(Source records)
'''

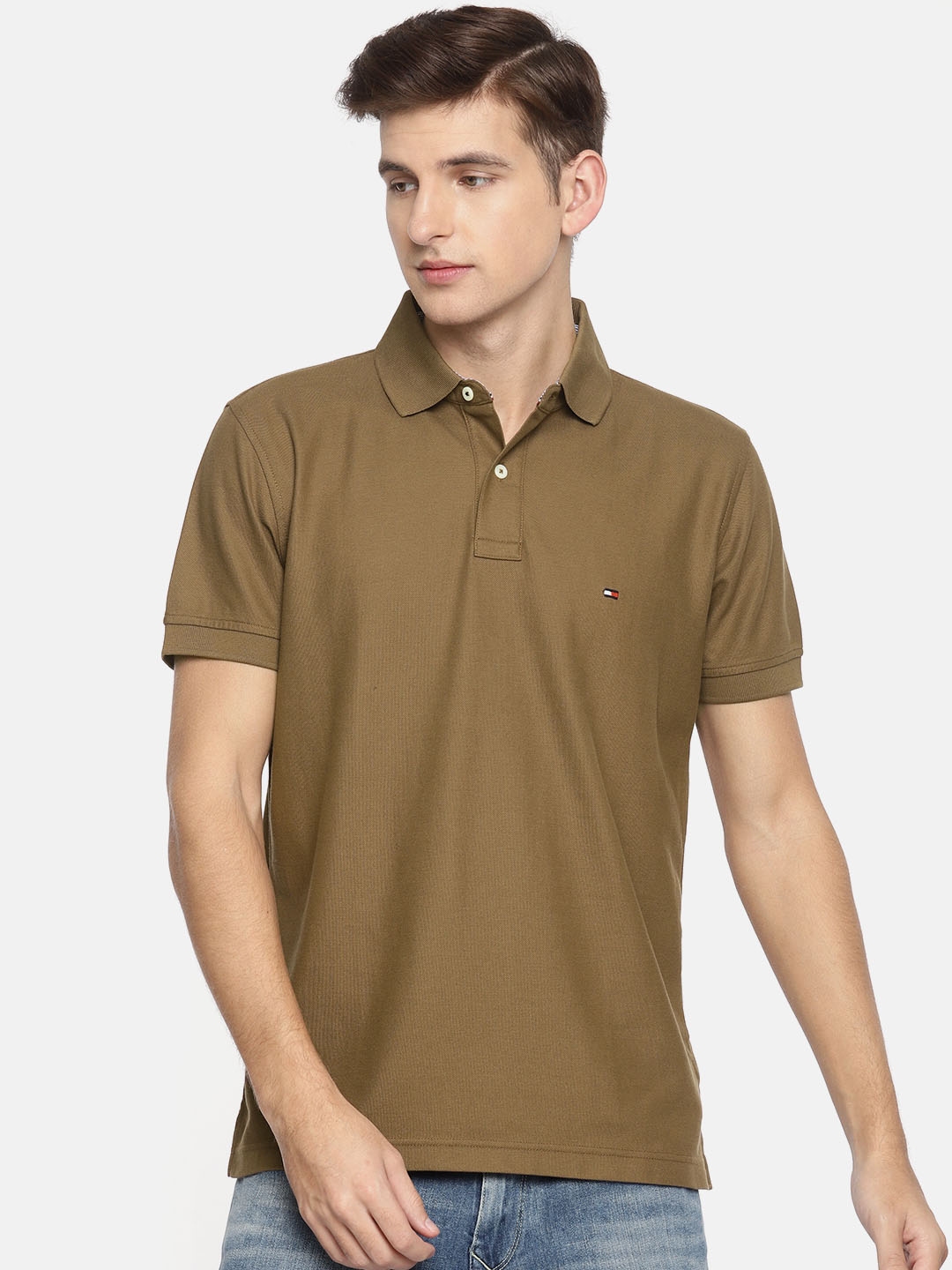 Buy Tommy Hilfiger Men Khaki Solid Polo Collar Pure Cotton T Shirt ...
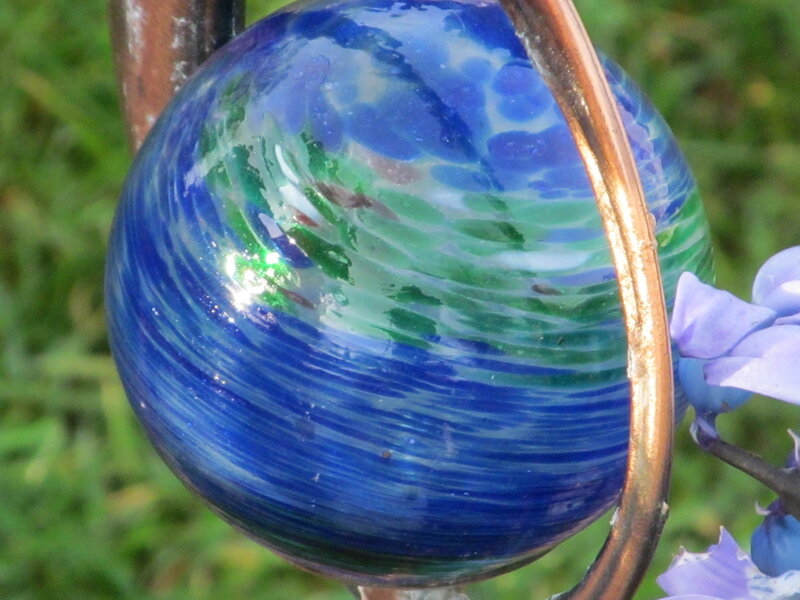 Blue and Green Glass Sphere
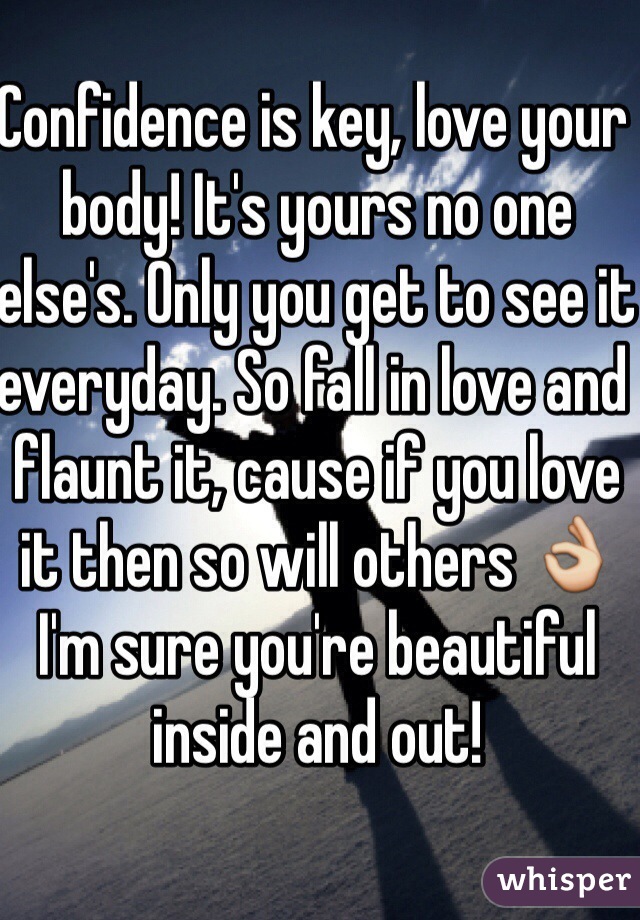 Confidence is key, love your body! It's yours no one else's. Only you get to see it everyday. So fall in love and flaunt it, cause if you love it then so will others 👌 I'm sure you're beautiful inside and out!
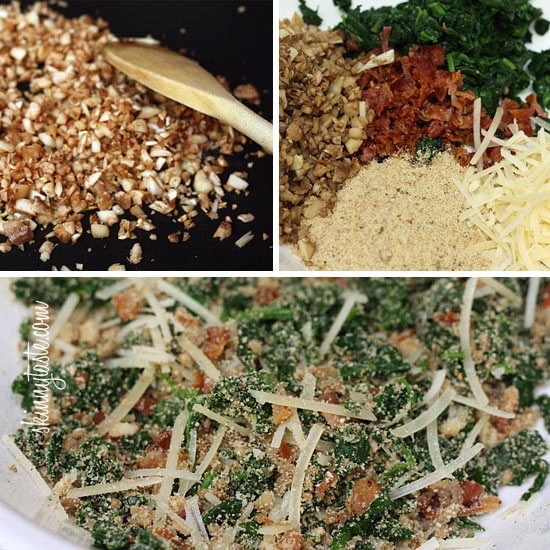 Spinach and Bacon Stuffed Mushrooms stuffed with sautéed baby spinach, chopped mushrooms, bacon, bread crumbs and Parmesan cheese – a lighter alternative to traditional stuffed mushrooms yet loaded with tons of flavor!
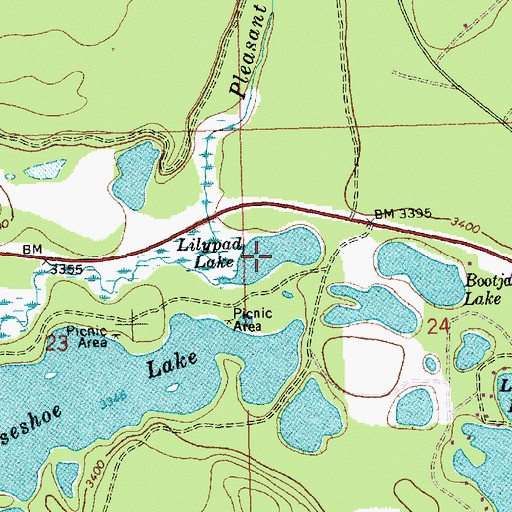 Topographic Map of Lilypad Lake, MT
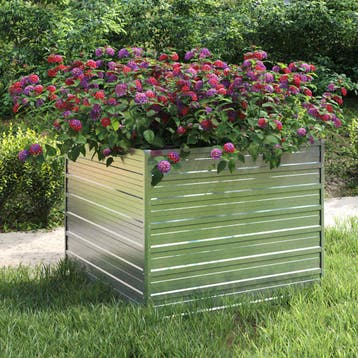 vidaXL Plantenbak verhoogd 100x100x77 cm gegalvaniseerd, Verzenden, Nieuw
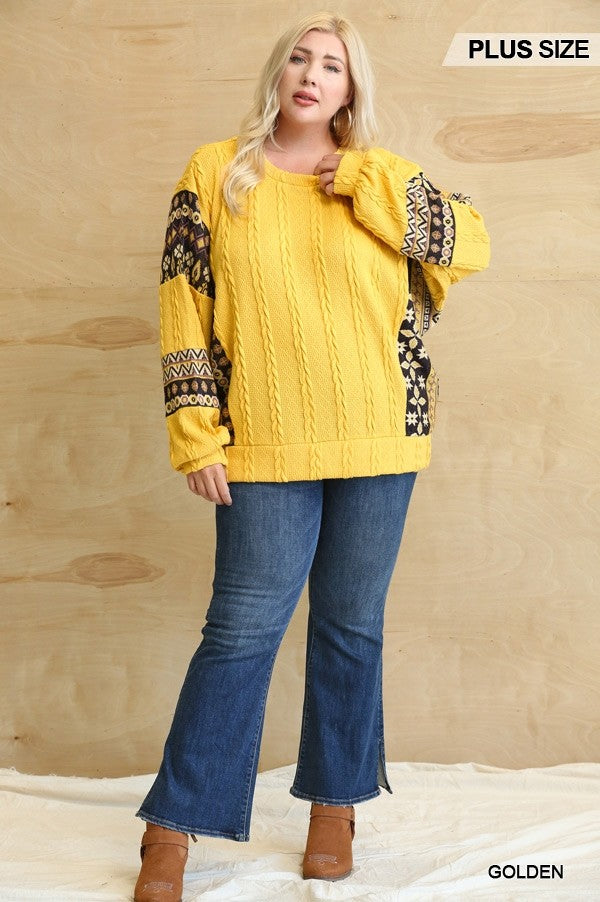 Texture Ribbed Knit And Aztec Pattern Mixed Loose Top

'''

> [WHAT YOU WILL DO]:
Please take the lines from the beginning of the data above through the line holding "Confidence is key, love" and transcribe them exactly, without any pictures.

> [SOLUTION]:
 Buy Tommy Hilfiger Men Khaki Solid Polo Collar Pure Cotton T Shirt ...
 Blue and Green Glass Sphere
 Confidence is key, love your body! It's yours no one else's. Only you get to see it everyday. So fall in love and flaunt it, cause if you love it then so will others 👌 I'm sure you're beautiful inside and out!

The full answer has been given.